That radio in the back is… wrong. (Photo: Thesab/GNU)

In a discovery rivaling what Geraldo Rivera found in Al Capone’s secret vault, an eagle-eyed teenager recently found that the re-creation of Capone’s cell at the Eastern State Penitentiary Museum was decorated with a radio that shouldn’t have existed yet.

Philadelphia’s ominous Eastern State Penitentiary has been closed since 1971, and now operates as a museum and event space. Among the displays at the museum is a re-creation of the cell that housed Platonic gangster Al Capone. Capone spent hard time in the prison in 1929 and 1930, serving in comparative luxury thanks to his mob connections.
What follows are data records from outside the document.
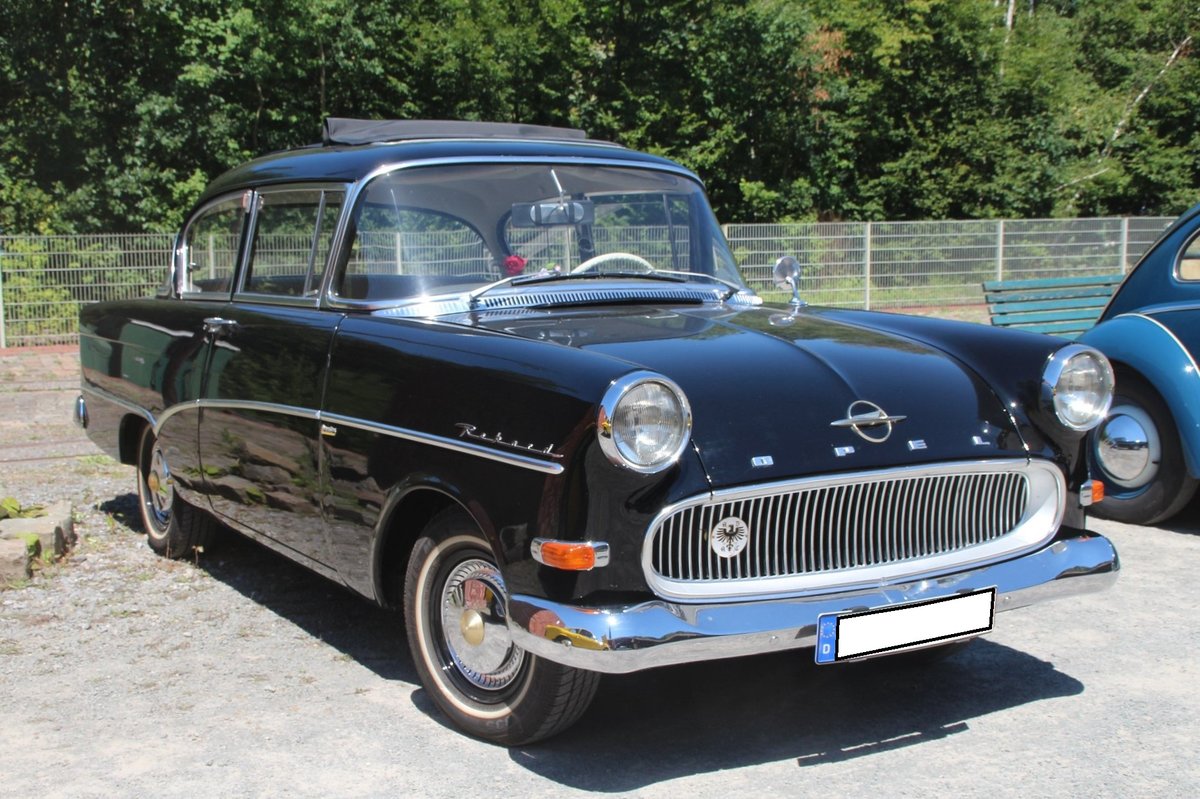 Opel Rekord P1 als zweitürige Limousine, gebaut von 1957 bis 1960. Während seiner fünfunddreißigmonatigen Produktionszeit, baute Opel 384.692 Limousinen, 109.282 CarAvan und 15.136 Kastenlieferwagen dieses Typs. Motorisiert war der P1 mit einem Vierzylinderreihenmotor mit einer Leistung von 45 PS aus einem Hubraum von 1488 cm³. Gegen einen Aufpreis von DM 75,00, konnte man einen 1.7l Motor mit 55 PS ordern. Da der P1 auch in die USA exportiert, und dort über das Buick-Händlernetz angeboten wurde, erhielt er im Volksmund den Spitznamen  Bauern-Buick . Der gezeigte P1 stammt aus dem letzten Produktionsjahr 1960. Oldtimertreffen Muttental/Witten im Jahr 2018.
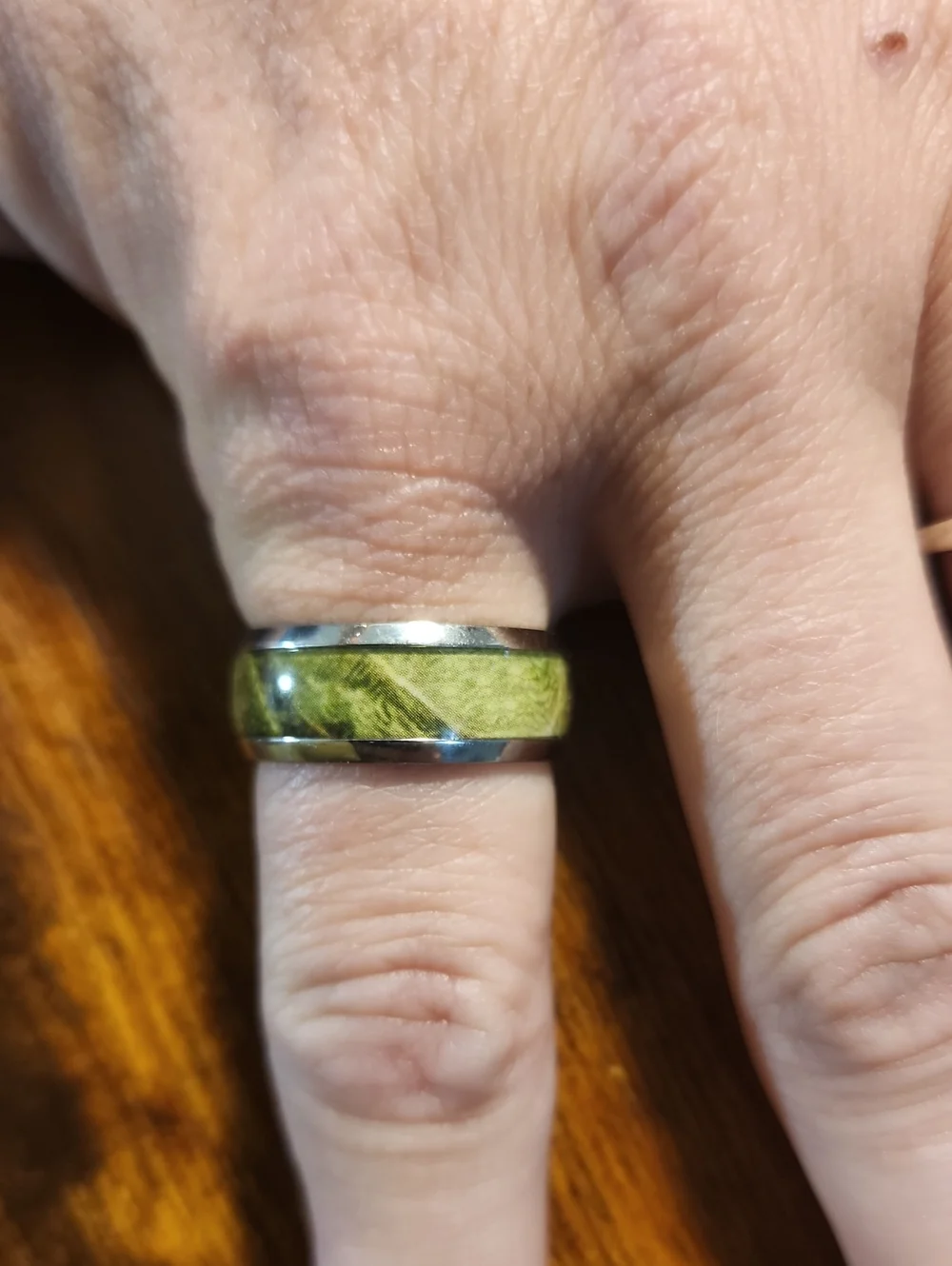 8mm Parrot Green Stainless Steel Dome Ring, Elegant And Versatile For Everyday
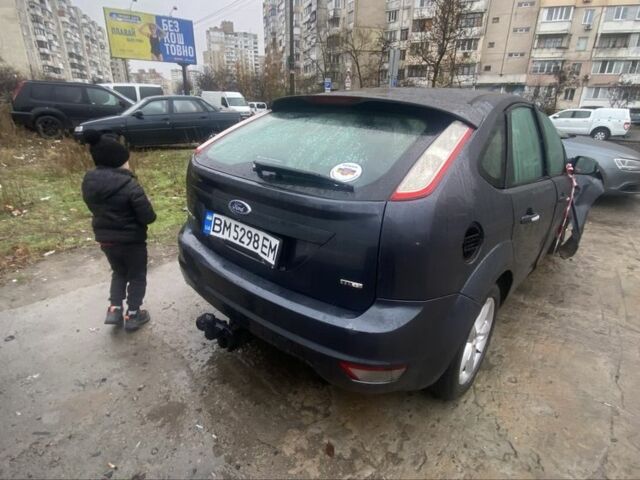 Серый Форд Фокус, объемом двигателя 1.6 л и пробегом 333 тыс. км за 1161 $, фото 3 на Automoto.ua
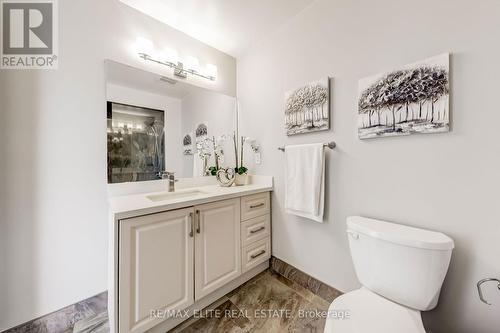 16 Futura Avenue, Richmond Hill, ON - Indoor Photo Showing Bathroom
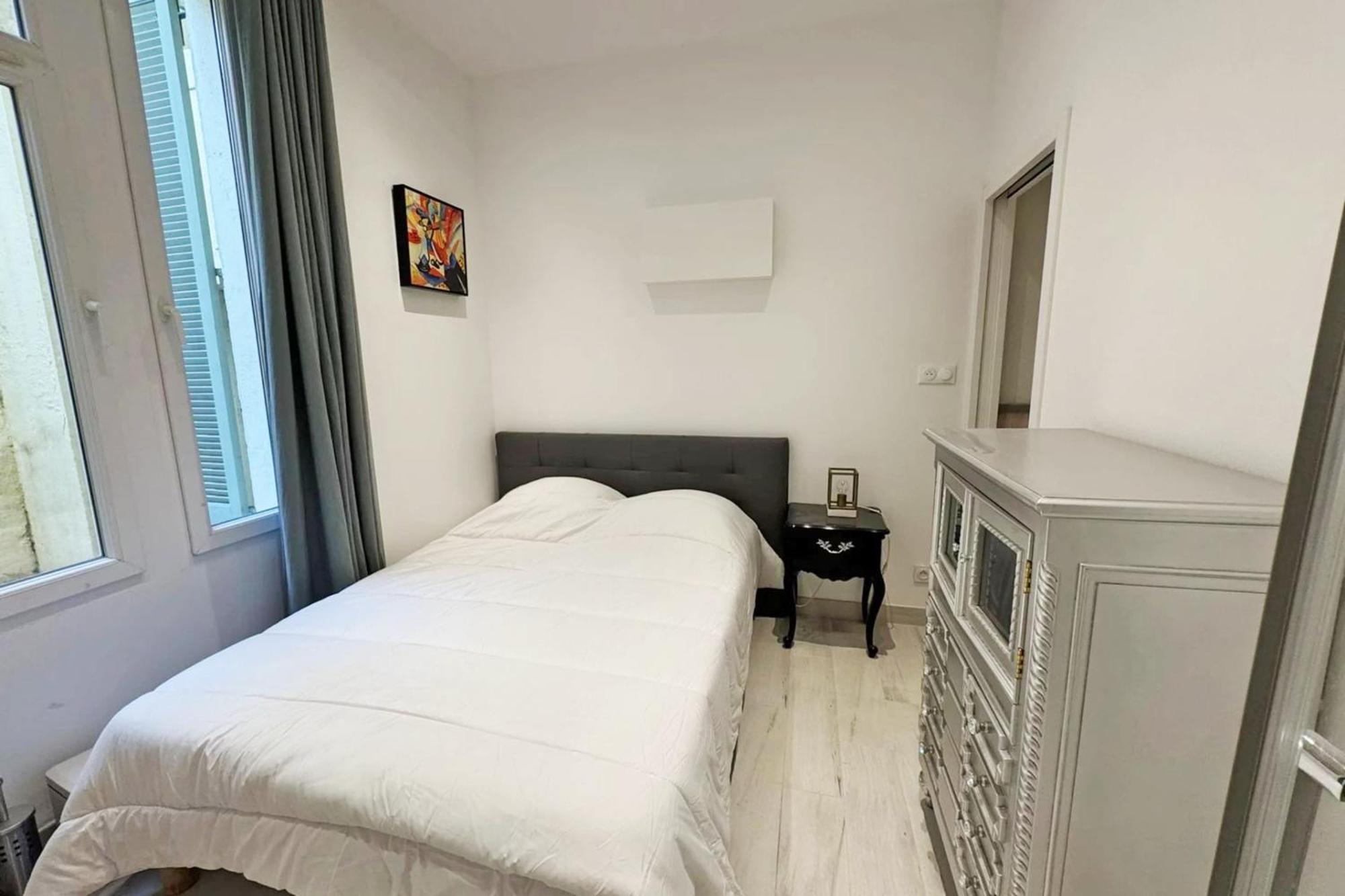 Ref 1971- For Rent Basse Californie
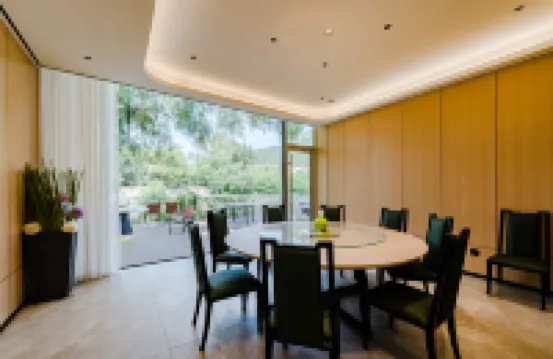 Floral Lux Hotel·Tai'an Shui'an Qingliu Hotel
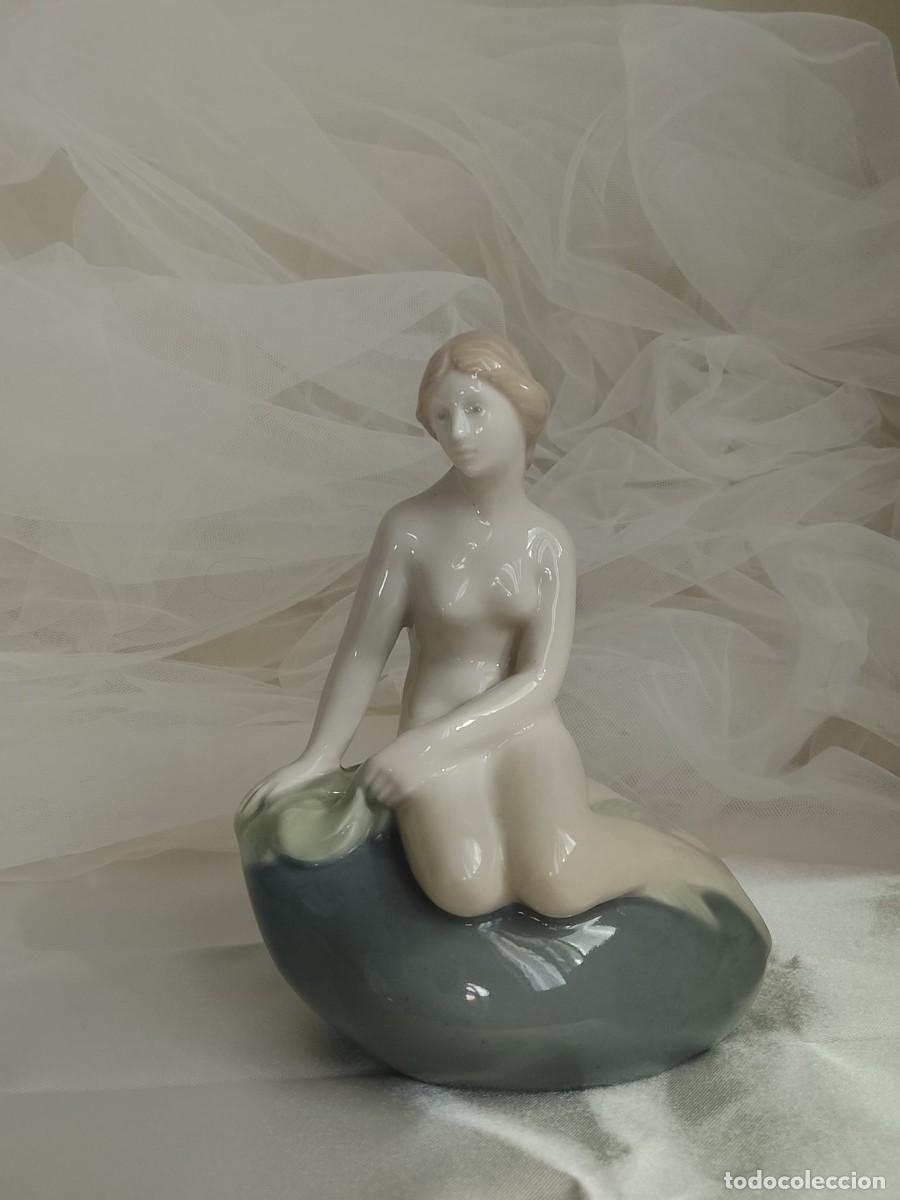 Antig&uuml;edades: Edvard Eriksen &rdquo;La Sirenita&rdquo; &mdash; Figura de Porcelana Vintage Firmada por el Escultor de Copenhague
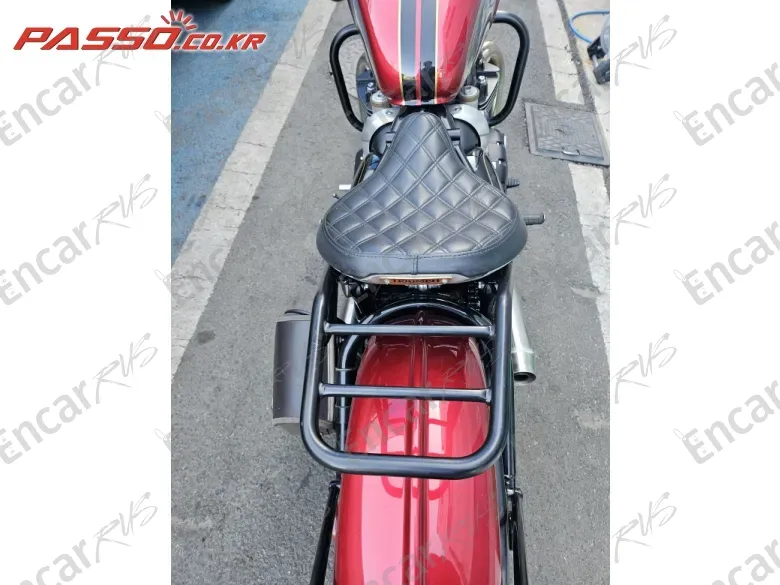 Triumph Bonneville Bobber - фото 5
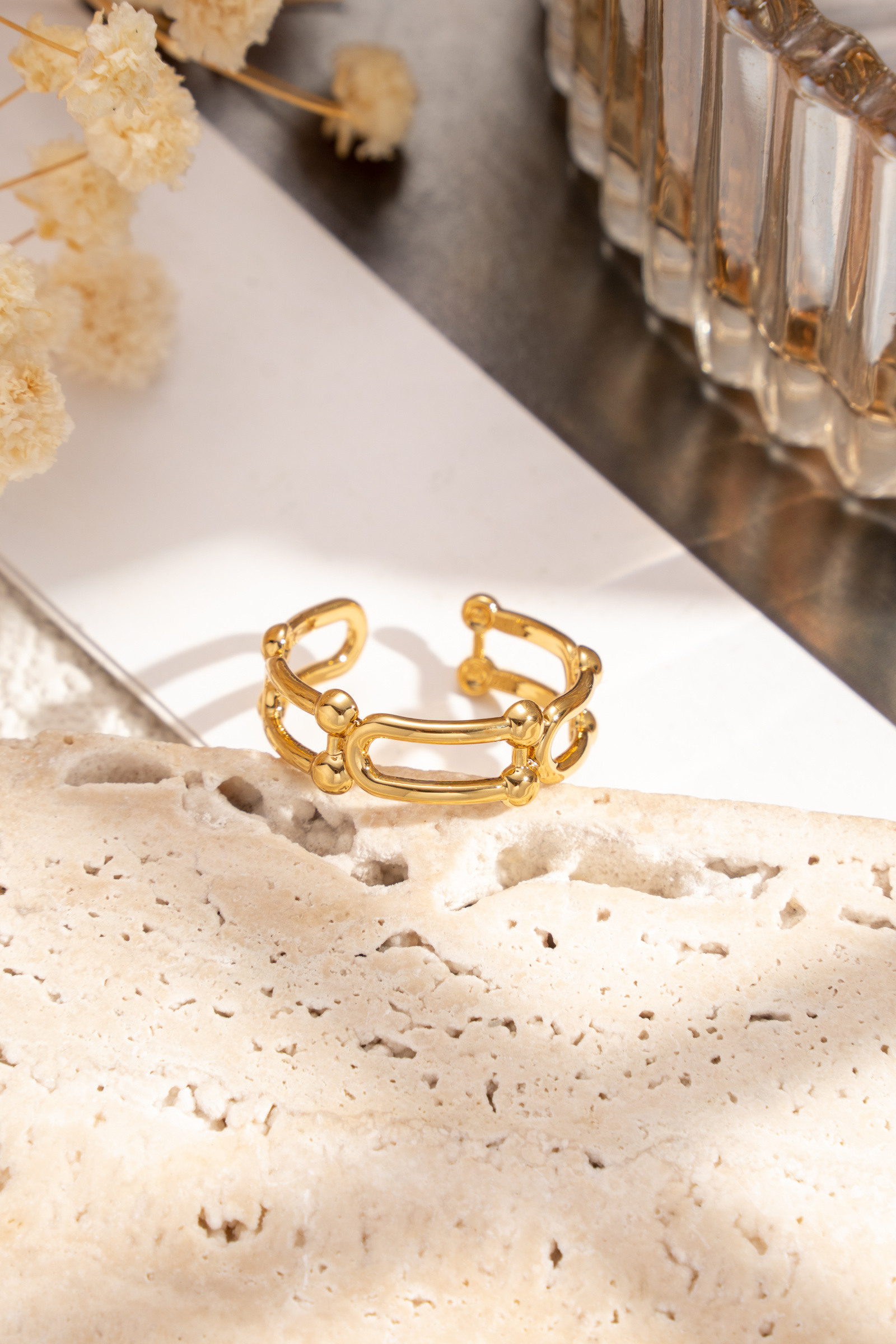 Mayorista COSMOS - Anillo abierto de mujer moderno, chic y elegante con eslabones ovalados en acero inoxidable dorado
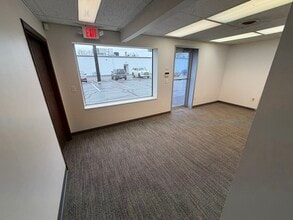 1945 Southtown Blvd, Dayton, OH for lease Interior Photo- Image 1 of 3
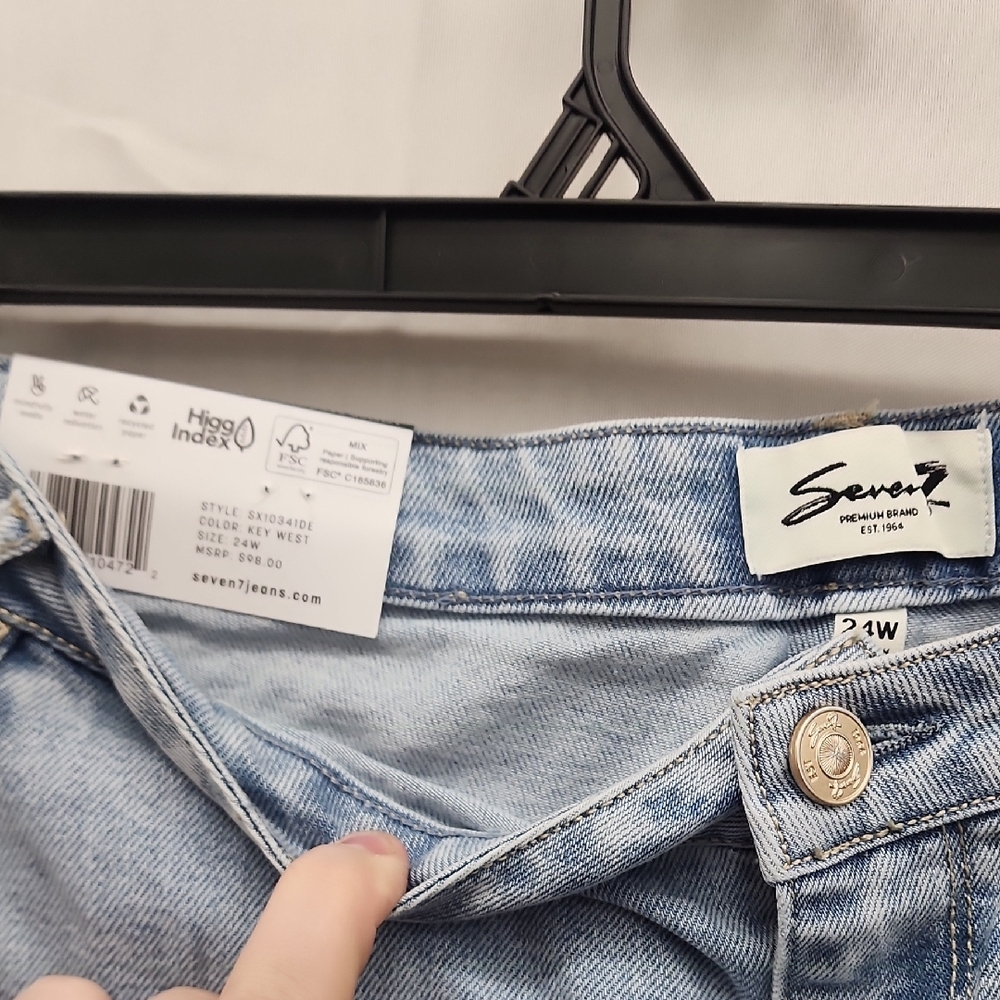 Seven7 Women's Relaxed Light Blue Jeans - Picture 2 of 4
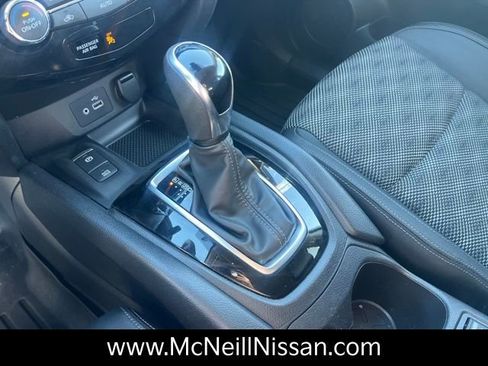 Used 2022 Nissan Rogue Sport SV w/ Technology Package image 28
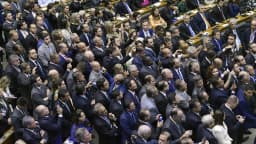 Plenário do Congresso Nacional lotado de parlamentares durante sessão, visto de cima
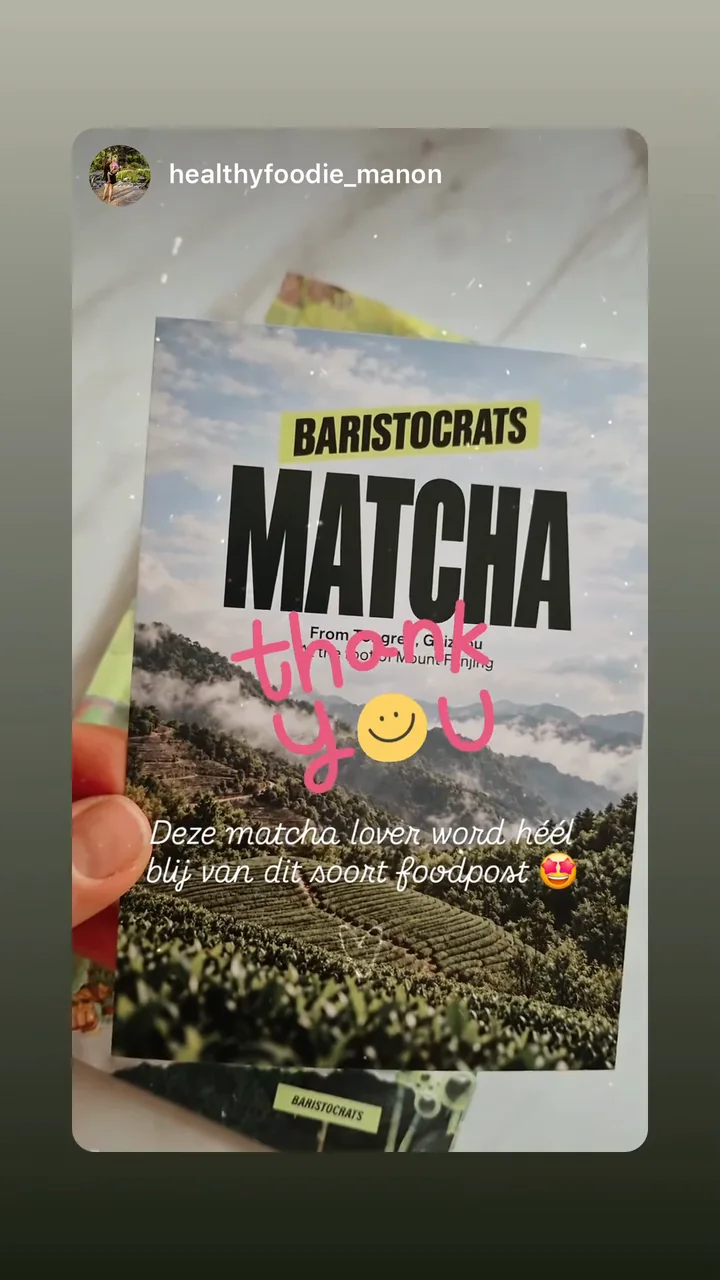 Healthyfoodie Manon draait de Baristocrats-matchaverpakking om en toont de voor- en achterkant.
His cell was located in a part of the prison jokingly referred to as “Park Avenue,” and his room was no different than many of the other vaulted cement chambers in the prison, but Capone’s was outfitted with a sumptuous desk, oriental rugs, and even a cabinet radio.

Today, the scene has been remade using period furniture, but as 13-year-old Joey Warchal recently discovered, not all of it was of a kosher vintage. As reported by the Associated Press, during his recent tour of the prison, Warchal, already an antiques aficionado at a young age, noticed that the radio in Capone’s cell, a Philco A-361, was not actually released until 1942, more than a decade after Capone would have spent time in the cell. Whoops!

For their part, the Eastern State Penitentiary took the mistake in stride and took up Warchal on his offer to help them locate a period-appropriate radio, which he has already done. The prison museum will receive the new, 1929-era radio in a small ceremony on June 7th. Hopefully now, Capone’s cell will be untouchable.